Eawag Research Data Management Project

Project description

Summary

A central research data repository is being established at Eawag. It will provide intermediate- and long-term storage for datasets of all research groups. The software will be tailored to the specific needs of the researchers at the work group level and is being developed in close interaction with the users. Besides the repository itself, the project will also provide guidelines, training and ancillary tools and services to support researchers with their data-management and -handling needs.

Objectives

  1. Provide better support to the scientists to fulfill their data management duties.
    • Provide a central research storage and archiving facility, including long-term maintenance and support.
    • Support departmental data managers and scientists in organizing, documenting, uploading and accessing data using this facility.
  2. Provide guidance for the robust, person-independent and standards-compliant handling of research data.
  3. Exploit the collateral benefits of a central data-management platform

Guiding Principles

  • For the scientists, data-management should be a well-defined, simple and quickly executed routine task.
  • Ensure longevity and interoperability of the software by adhering to established standards.
  • Ensure the practicability of software and processes by continuous user-involvement at every stage.
  • Ensure compatibility with established meta-data standards.
  • Strive for collaboration with related initiatives within the ETH domain and at other research institutions.

Deliverables

Eawag Research Data Platform (ERDP)

The project will establish an institution-wide central research data repository. The repository will be accessible to all Eawag research groups to

  1. store and maintain their own datasets, to
  2. search the repository content, and
  3. to retrieve datasets

The repository is based on the well-established open-source data-management software CKAN. While CKAN is being used by many organizations around the world in an “OpenData” context, its use as a research data management tool requires the development of custom-tailored extensions that adapt CKAN to the specific needs at Eawag.

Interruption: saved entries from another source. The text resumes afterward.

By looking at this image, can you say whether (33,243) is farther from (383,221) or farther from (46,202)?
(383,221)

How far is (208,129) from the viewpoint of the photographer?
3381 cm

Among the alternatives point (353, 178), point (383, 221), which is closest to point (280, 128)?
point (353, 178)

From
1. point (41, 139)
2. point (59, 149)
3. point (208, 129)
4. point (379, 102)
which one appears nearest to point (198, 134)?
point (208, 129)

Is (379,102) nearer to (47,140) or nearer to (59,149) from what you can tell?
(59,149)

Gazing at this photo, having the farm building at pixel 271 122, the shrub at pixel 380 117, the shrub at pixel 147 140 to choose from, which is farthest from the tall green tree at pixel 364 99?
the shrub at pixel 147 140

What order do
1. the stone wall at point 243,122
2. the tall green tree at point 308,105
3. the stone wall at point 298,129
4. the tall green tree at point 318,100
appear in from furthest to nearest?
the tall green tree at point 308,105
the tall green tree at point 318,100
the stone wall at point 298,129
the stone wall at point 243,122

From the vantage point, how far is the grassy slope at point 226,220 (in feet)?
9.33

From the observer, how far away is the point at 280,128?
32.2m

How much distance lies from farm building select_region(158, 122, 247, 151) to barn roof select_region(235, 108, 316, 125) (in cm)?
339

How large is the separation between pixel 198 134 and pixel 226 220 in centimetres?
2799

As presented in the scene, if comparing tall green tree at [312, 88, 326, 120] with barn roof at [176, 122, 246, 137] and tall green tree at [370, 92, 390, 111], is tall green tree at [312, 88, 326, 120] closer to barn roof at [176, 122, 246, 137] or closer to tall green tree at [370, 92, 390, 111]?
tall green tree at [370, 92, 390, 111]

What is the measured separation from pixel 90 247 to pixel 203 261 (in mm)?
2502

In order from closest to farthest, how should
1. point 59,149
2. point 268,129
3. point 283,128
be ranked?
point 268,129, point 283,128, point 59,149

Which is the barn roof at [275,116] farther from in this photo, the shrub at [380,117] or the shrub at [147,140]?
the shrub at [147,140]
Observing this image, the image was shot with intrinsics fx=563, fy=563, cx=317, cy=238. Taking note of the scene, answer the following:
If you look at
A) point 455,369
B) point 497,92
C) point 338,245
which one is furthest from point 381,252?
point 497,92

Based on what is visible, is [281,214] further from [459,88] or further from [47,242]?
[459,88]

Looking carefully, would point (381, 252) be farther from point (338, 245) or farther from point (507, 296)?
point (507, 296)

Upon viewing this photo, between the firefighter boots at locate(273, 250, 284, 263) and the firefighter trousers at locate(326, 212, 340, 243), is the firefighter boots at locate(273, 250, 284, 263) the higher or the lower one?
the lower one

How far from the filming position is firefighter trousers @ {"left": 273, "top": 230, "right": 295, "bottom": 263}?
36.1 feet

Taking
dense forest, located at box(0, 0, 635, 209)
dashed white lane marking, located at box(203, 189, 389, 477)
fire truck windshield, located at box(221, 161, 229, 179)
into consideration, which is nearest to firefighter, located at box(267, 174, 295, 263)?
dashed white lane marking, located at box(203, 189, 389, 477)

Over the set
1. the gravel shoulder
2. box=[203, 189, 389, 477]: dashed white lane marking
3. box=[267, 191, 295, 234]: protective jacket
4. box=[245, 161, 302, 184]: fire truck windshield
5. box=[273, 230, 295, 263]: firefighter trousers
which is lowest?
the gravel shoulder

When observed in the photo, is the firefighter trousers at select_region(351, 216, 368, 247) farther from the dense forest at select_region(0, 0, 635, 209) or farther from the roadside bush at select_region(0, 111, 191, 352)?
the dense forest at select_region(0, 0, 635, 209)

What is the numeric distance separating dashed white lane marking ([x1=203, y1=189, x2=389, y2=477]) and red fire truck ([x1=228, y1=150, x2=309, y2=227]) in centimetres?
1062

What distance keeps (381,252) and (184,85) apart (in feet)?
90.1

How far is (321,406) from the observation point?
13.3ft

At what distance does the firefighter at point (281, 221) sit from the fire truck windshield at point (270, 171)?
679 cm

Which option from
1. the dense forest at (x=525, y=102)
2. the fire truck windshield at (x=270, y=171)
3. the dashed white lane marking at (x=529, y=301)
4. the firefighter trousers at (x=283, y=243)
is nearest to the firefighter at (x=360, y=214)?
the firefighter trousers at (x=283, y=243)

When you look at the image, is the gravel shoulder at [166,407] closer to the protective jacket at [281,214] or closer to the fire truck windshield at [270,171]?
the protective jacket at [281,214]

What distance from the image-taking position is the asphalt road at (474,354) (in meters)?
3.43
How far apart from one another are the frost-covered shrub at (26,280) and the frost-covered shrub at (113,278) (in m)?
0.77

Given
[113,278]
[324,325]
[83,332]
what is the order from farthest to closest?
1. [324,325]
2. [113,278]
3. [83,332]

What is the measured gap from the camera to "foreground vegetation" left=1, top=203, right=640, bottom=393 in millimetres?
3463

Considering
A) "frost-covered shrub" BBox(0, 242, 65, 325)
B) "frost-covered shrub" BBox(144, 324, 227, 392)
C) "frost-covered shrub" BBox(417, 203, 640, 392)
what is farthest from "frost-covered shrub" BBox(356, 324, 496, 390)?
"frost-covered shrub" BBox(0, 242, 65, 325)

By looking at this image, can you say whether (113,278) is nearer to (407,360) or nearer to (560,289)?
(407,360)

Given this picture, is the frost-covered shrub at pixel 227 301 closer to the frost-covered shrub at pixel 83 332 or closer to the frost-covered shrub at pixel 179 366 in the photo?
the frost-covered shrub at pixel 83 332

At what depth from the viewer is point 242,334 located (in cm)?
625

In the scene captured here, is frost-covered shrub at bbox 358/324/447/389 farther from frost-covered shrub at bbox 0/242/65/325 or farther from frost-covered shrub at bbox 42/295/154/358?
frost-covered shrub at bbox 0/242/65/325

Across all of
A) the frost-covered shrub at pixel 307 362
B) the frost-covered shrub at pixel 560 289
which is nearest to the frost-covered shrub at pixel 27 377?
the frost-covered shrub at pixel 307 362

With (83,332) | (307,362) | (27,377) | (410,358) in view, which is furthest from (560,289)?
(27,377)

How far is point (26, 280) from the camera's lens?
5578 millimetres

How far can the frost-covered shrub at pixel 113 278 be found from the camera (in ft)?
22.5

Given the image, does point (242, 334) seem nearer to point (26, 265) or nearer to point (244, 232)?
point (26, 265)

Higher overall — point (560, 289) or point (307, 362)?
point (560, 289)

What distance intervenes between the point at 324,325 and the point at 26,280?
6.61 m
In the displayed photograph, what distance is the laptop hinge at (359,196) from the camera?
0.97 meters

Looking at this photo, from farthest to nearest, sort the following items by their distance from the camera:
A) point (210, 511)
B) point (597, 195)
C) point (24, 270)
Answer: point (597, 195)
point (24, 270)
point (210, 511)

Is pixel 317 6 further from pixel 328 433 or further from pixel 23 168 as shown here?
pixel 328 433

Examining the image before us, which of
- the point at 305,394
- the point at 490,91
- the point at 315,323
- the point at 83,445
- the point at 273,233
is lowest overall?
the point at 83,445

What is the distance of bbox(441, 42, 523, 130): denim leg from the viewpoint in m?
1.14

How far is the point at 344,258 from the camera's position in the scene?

Features of the ERDP will include:

  • a batch upload facility
  • customized interfaces for data submission
  • spatial and temporal search across all datasets
  • search for other dataset attributes and global full-text search
  • preview for suitable datasets (as table, map, or graph)
  • ERDP will act as staging area for submitting datasets to other repositories and for registering a Digital Object Identifier (DOI).

Metadata Schemes

Development of a metadata structure that is

Research Data Management Guidelines

The repository roll-out will be accompanied by the development of data-management guidelines. These guidelines will be developed with user-input in an iterative fashion and compliance will be supported by the actual software implementation. The content of the guidelines presumably specifies the precise meta-data requirements, the types of datasets that should be submitted to the repository, rules for write-access to the repository and similar topics. See the NERC Data Value Checklist as an example of important considerations about which data to archive.

Support activities

Research groups will receive support to streamline their data submission procedures. This includes case-by-case analysis of current workflow and requirements, support with structuring, formatting, annotation, uploading, searching and downloading, the provision of software to automate such tasks, if applicable, and the cooperative development of specific meta-data schemes.

Background

The Eawag Guidelines for Good Scientific Practice assigns to a research project’s PI the responsibility for data management. In particular that includes ensuring the data’s safe (person-independent) storage and accessibility for a prolonged time period, coming up with a suitable set of metadata and the respective annotation of datasets, care against misuse of data by temporary or external collaborators, and transfer of their own knowledge and data if they leave Eawag.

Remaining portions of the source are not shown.